What you need to do:
Although the data below contains pictures, output only the lines between those holding "City Apartment Goga" and "Paradise Villa in", inclusive, exactly and without those pictures.

Given data:
Segment Open

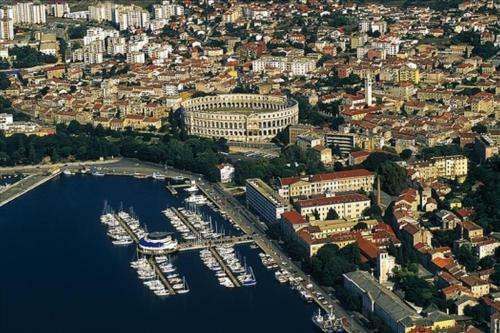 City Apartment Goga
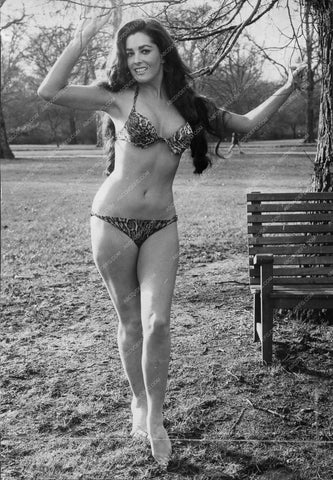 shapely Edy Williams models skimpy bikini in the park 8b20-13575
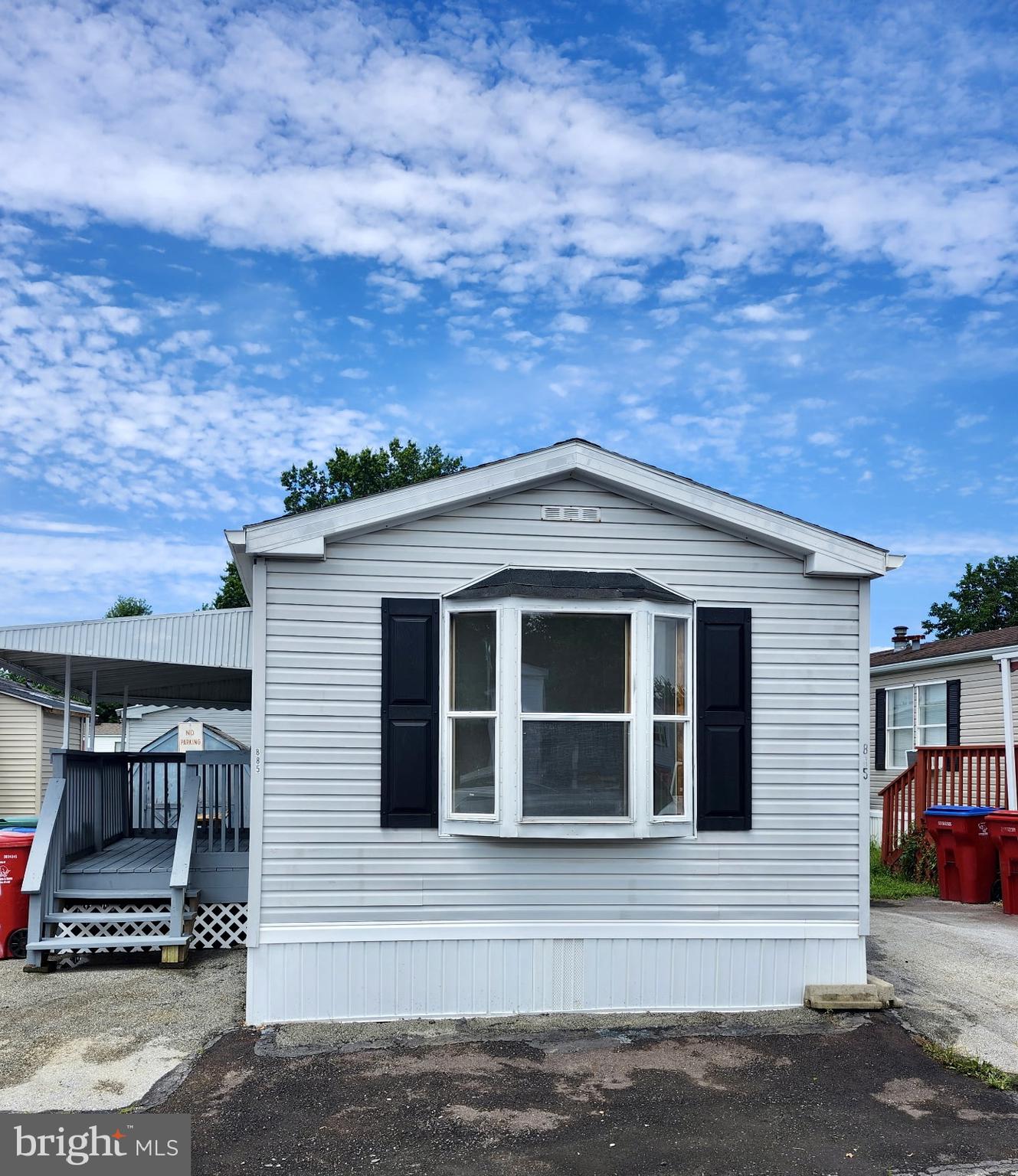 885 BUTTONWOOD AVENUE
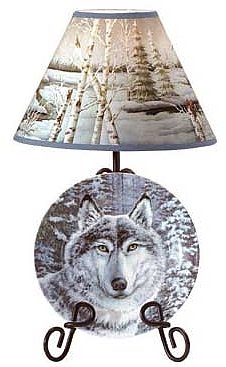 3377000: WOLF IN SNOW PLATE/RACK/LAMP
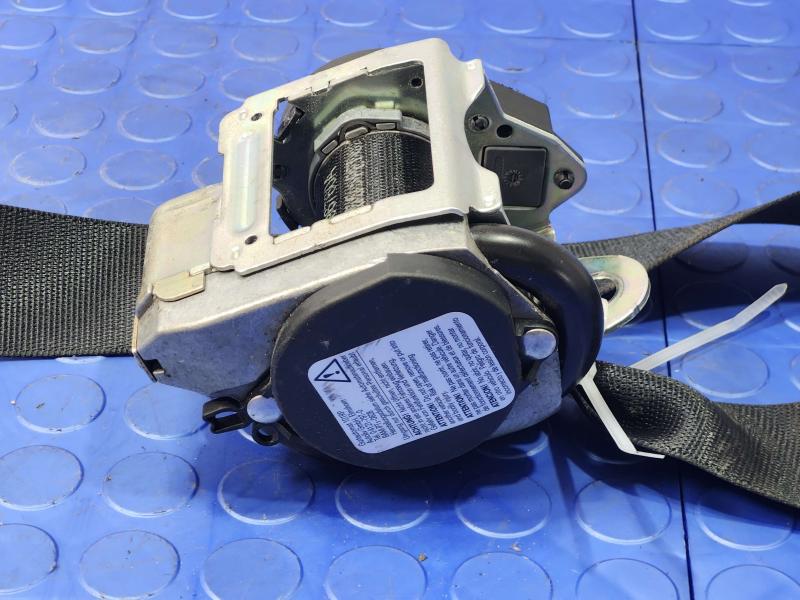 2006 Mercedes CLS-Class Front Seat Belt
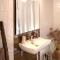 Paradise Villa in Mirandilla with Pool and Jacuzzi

Segment Closed
Segment Open

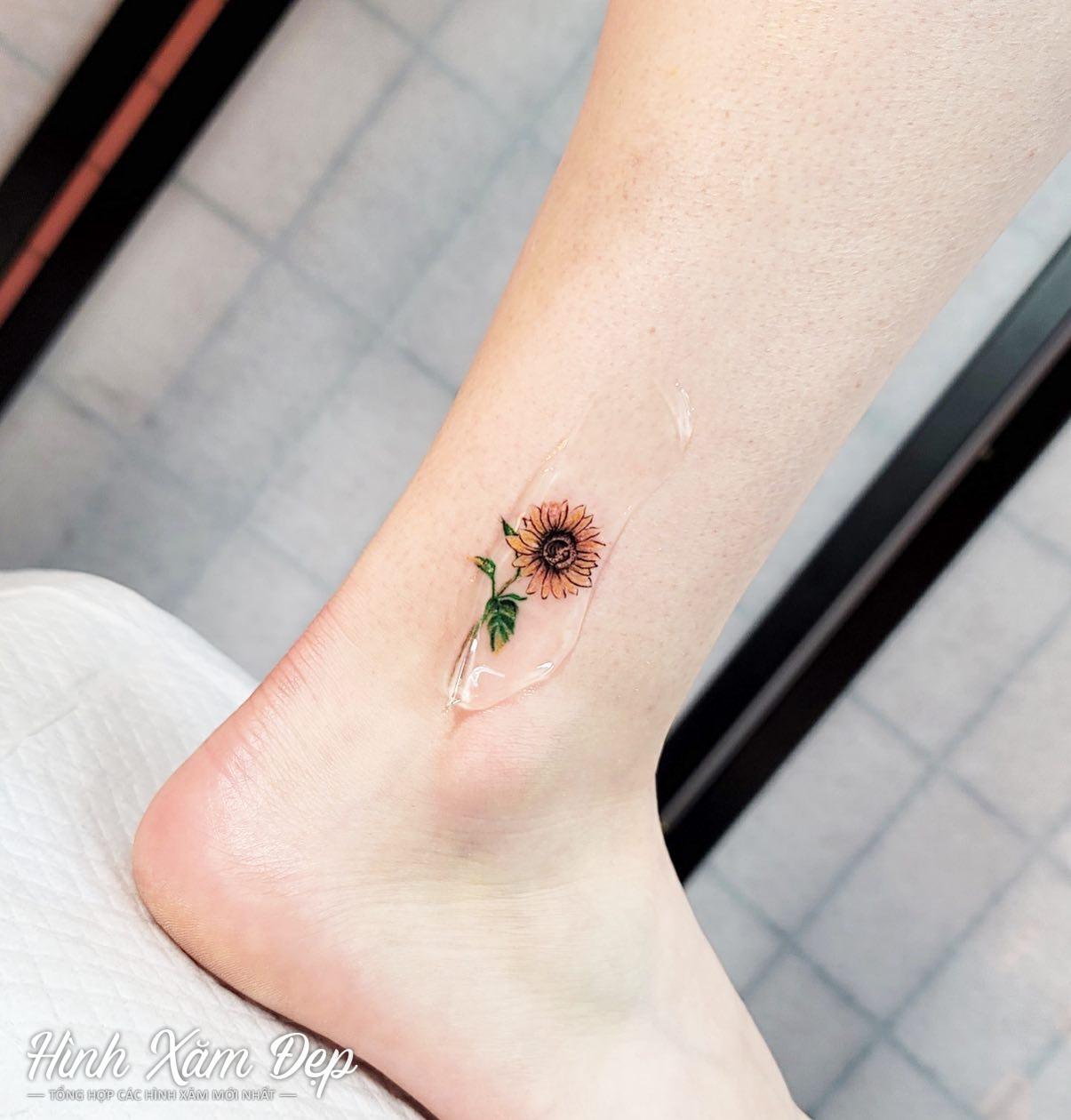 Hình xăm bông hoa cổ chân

Segment Closed

Solved exercise:
 City Apartment Goga
 shapely Edy Williams models skimpy bikini in the park 8b20-13575
 885 BUTTONWOOD AVENUE
 3377000: WOLF IN SNOW PLATE/RACK/LAMP
 2006 Mercedes CLS-Class Front Seat Belt
 Paradise Villa in Mirandilla with Pool and Jacuzzi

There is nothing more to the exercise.